C. : L’un des projets que soutient l’ARRF n’est-il pas de défendre le low budget ?
F. S. : C’est une solution : faire des films de qualité à très petits budgets, en DV. Est-il possible de produire davantage de films avec des moyens moins onéreux et permettre ainsi une amélioration de la situation ? Il n’y a évidemment pas de lien intrinsèque entre la qualité d’un film et la pauvreté des moyens mais une cohérence artistique est possible si l’on sélectionne les bons projets. Il y a en Belgique un immense fossé entre les projets de qualité, très nombreux, et ceux qui peuvent se faire. Ce manque de moyens entraîne de nombreuses frustrations. Nous cherchons donc des pistes nouvelles pour éviter ces frustrations. La chaîne culturelle ARTE avait trouvé un excellent moyen avec sa série des « Petites Caméras » et ces films à petits budgets réalisés par de grands réalisateurs comme André Téchiné, films qui étaient par la suite sortis en salles et qui ont connu de beaux succès publics…
C. : Le cinéma belge a beaucoup de courts métrages de qualité, on assiste à un véritable bouillonnement.

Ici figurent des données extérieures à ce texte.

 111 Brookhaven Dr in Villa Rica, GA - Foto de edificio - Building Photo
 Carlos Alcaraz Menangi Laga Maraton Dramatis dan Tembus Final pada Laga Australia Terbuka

Le numérique est-il une solution pour continuer à s’exprimer ? Par ailleurs que penses-tu de la tendance actuelle a vouloir faire du cinéma de genre ?
F.S : On voit presque l’émergence d’une nouvelle vague depuis les années 90, en grande partie due à la représentation belge au Festival de Cannes : ces dernières années, des films belges primés ont brillé positivement sur notre cinématographie. Mais ne perdons pas de vue qu’un réalisateur ne réussit pas forcément à trouver sa voie du premier coup. Le meilleur exemple étant les Frères Dardenne dont les deux premiers longs n’étaient sortis qu’en Belgique, sans succès et qui ont explosé ensuite grâce à La Promesse. Les cinéastes doivent aussi avoir le temps de s’épanouir et c’est une chose de plus en plus difficile car le succès immédiat est exigé. Alors comment faire le tri ? Comment la Commission de sélection doit- elle faire des choix sans tomber dans une espèce d’aristocratie où seuls les cinéastes reconnus peuvent trouver un financement ? Elle se doit de défendre la diversité des approches, en ne privilégiant pas le cinéma d’auteur sur le cinéma commercial mais en trouvant un équilibre entre les deux et ce, sans juger les réalisateurs. Il est intéressant d’avoir des approches différentes avec une richesse cinématographique qui se manifeste dans la diversité des parcours, des films et des genres abordés. Un seul type de cinéma ne doit pas être privilégié, la diversité est indispensable. Beaucoup de cinéastes actuels comme Vincent Lannoo ou le trio de C’est arrivé près de chez vous se réclament du cinéma de genre. Ils sont la preuve vivante que l’on peut faire ce type de cinéma et être de grands cinéastes. Faire du cinéma social ou engagé n’est pas, loin s’en faut un gage automatique de qualité ou de talent. La question de la qualité de la mise en scène ne tient jamais au genre dans lequel on œuvre. Le cinéma dit de genre recèle ainsi de nombreux auteurs. Beaucoup de grands cinéastes l’on prouvé.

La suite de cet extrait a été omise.